After the fall of Bilbeis the Muslims advanced to Babylon. It was the key city of Egypt. Close to it was Memphis the ancient capital of the Pharaohs. Modern Cairo is not far from what at one time was known as Babylon. The Muslims arrived before Babylon some time in May 640 A.D.

Babylon was a fortified city, and the Byzantines had prepared it for a siege. Outside the city, a ditch had been dug, and a large force was positioned in the area between the ditch and the city walls. The fort of Babylon was a massive structure 60 ft. high with walls more than 6 ft. thick. The fort was studded with numerous towers and bastions.

As soon as Amr arrived at Babylon he formed up his force of 4,000 men in assault formation and attacked the Byzantine positions in front of him it led to some hard fighting, and the attack was repulsed by the Byzantines. Amr pulled his men back and went into camp near the east bank of the Nile. The Byzantine force in Babylon was six times the strength of the Muslim force.

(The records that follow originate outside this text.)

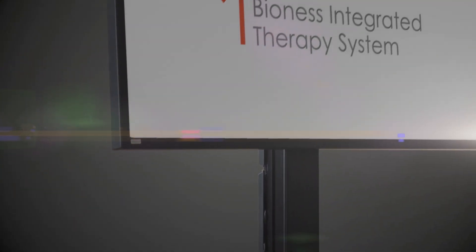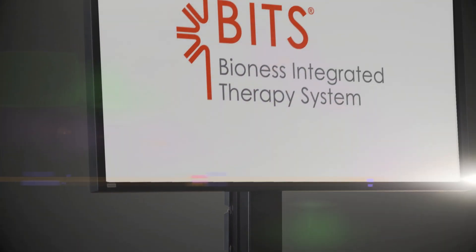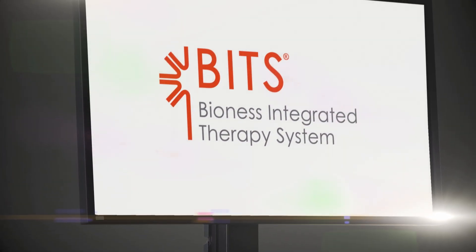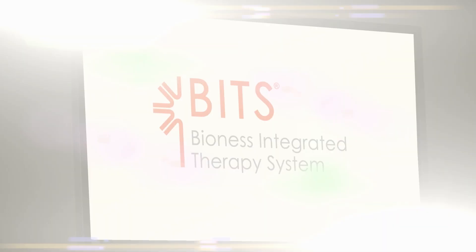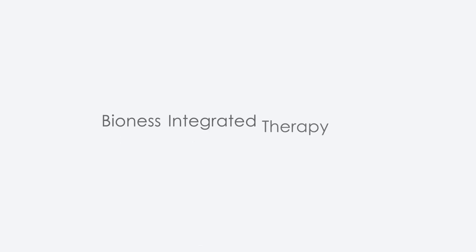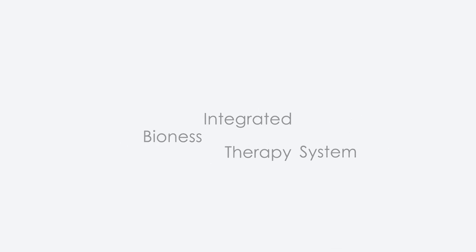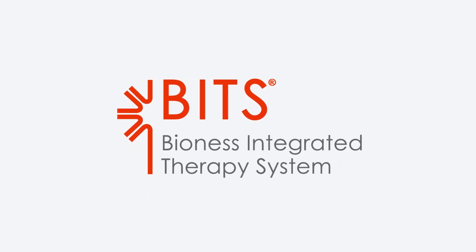The Bioness Integrated Therapy System, or BITS, is Rehab's most advanced multidisciplinary software-based solution.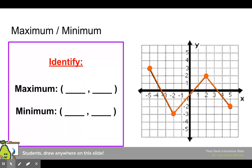If we want to look at our maximum and minimum here, the highest point is right here, and we label that as negative 5, 3. The lowest point is here, and that's negative 2, negative 3.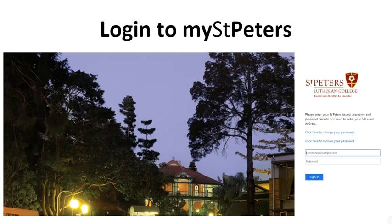If you are not able to remember your password, select the link to recover your password and receive a temporary password. You will then need to change your password using the link to change your password.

The Muslims launched attacks every now and then, but these were repulsed. For two months the confrontation wore on with the Byzantines sitting tight in their defences and repulsing the frequent Muslim attacks against the crossings of the ditch.

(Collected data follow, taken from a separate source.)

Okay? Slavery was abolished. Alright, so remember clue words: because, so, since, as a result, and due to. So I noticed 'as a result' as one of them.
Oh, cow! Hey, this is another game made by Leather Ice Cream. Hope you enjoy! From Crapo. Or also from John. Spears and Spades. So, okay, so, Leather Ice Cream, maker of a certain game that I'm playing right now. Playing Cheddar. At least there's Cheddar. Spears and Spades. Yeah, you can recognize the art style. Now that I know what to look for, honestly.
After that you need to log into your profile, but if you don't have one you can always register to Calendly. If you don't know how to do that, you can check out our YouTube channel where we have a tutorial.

In July, Amr wrote to Umar asking for reinforcement. In August a reinforcement 4,000 strong came from Syria. Thus reinforced the Muslims renewed their attacks with greater force, but their attacks were not able to make any headway against Byzantine resistance. In these desultry fightings, a good number of Byzantine soldiers was killed, but no dents were made in the defences of the city. The attacks were called offend Amr again wrote to Umar for more belp.

Umar raised a force in Madina for despatch to Egypt. Among those who volunteered to fight on the Egyptian front was Zubeir bin Al-Awwam, a cousin of the Holy Prophet. Umar indeed offered Zubeir the chief command of Egypt. Zubeir did not accept the chief command, but he agreed to go to the help of Amr bin Al-Aas.

Reinforcement, 4000 strong was thus despatched from Madina to Egypt. It comprised four columns each column one thousand strong. These columns were commanded by Zubeir b. Al-Awwam; Miqdad bin Al-Aswad; Ubaida bin As-Samit, and Kharija bin Huzafa. Each Commander was in military prowess equal to a thousand men, and was the counterpart of Persian 'Hazer Mard' or gladiators.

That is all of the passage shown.